= William M. Maltbie =

American judge (1880–1961)

William Mills Maltbie (March 10, 1880 – December 15, 1961) was a lawyer, judge, and chief justice of the Connecticut Supreme Court.

Maltbie was born in Granby, Connecticut, on March 10, 1880. He was the son of Theodore Mills Maltbie (1842–1915), a prominent lawyer and politician who served three terms in the General Assembly and two in the state senate. William Maltbie was educated at Hartford Public High School, Yale (class of 1901), and Yale Law School (class of 1905). On graduation he was admitted to the bar and joined his father's practice in Hartford. He lived in Granby for all of his life, commuting to Hartford when necessary.

Maltbie served as one of Granby's representatives in the General Assembly in 1913. In 1914 he was appointed assistant state's attorney for Hartford County, where he met Hugh M. Alcorn, the state's attorney, who became a lifelong friend. While still assistant state's attorney, Maltbie served as Governor Marcus H. Holcomb's executive secretary from 1915 to 1917. In 1917 Governor Holcomb appointed him to the Superior Court. In 1925 he was raised to the Connecticut Supreme Court (then officially called the "Supreme Court of Errors") to succeed John P. Kellogg; in 1930 he became chief justice. He held that position until 1950 when he reached the judicial retirement age of 70. Following his retirement from the bench he served as a state referee and conducted two one-man grand jury investigations, in 1951 and 1954.

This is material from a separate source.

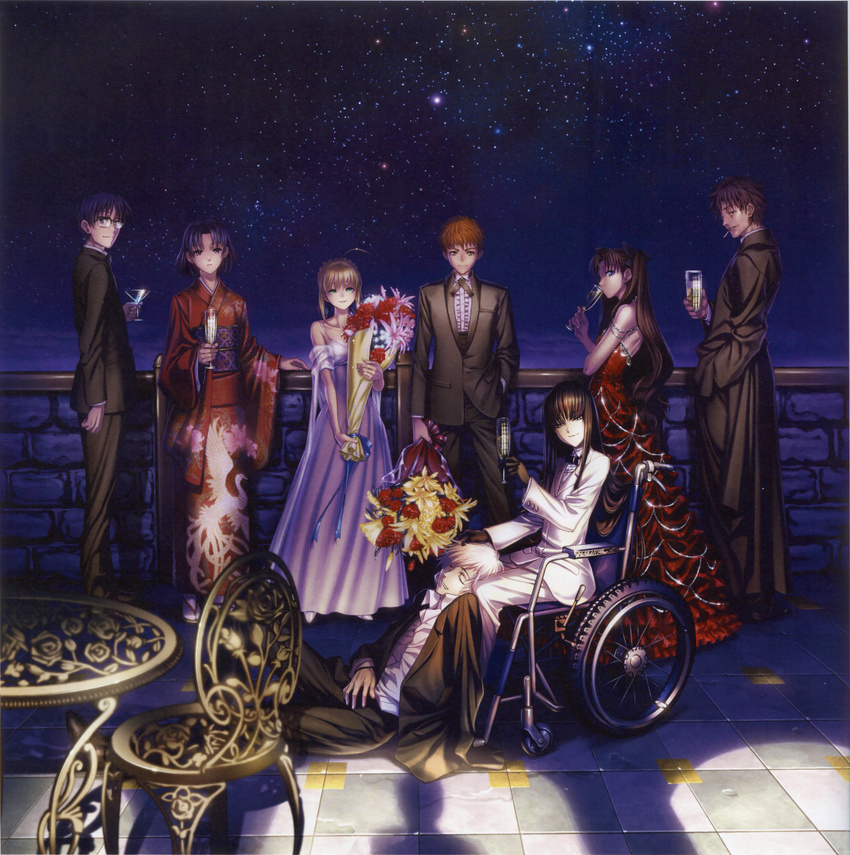 5boys absurdres ahoge alcohol artoria_pendragon_(all) bare_shoulders blonde_hair bouquet brown_hair champagne cigarette company_connection creator_connection crossover decoration_disorder_disconnection dress drinking emiya_kiritsugu emiya_shirou fate/stay_night fate_(series) flower formal gloves gown highres hiroe_rei ishizue_arika japanese_clothes kara_no_kyoukai karyou_kaie kimono kokutou_mikiya long_hair multiple_boys multiple_girls otoko_no_ko ryougi_shiki saber short_hair sky star_(sky) starry_sky suit toosaka_rin two_side_up type-moon wheelchair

Maltbie published two editions of Connecticut Appellate Procedure during his lifetime; he completed a supplement to it in the last years of his life and it was published posthumously.

Maltbie did extensive work with the Boy Scouts of America (as a member of the national council), the YMCA, the Probation Association, the Connecticut Prison Association (long-time president), the Connecticut Opera Association (president), the Greater Hartford Federation of Churches (president), and other charitable and non-profit organizations.

He was awarded honorary degrees in law from many colleges and universities: Yale (1933), Trinity College (1934), Elon College (1941), Boston University (1942), and the University of Hartford (then "Hillyer College") (1955).

Maltbie married Mary L. Hamlin in 1917; their only son, Theodore Mills Maltbie, became a lawyer himself. Maltbie died on December 15, 1961, in Granby.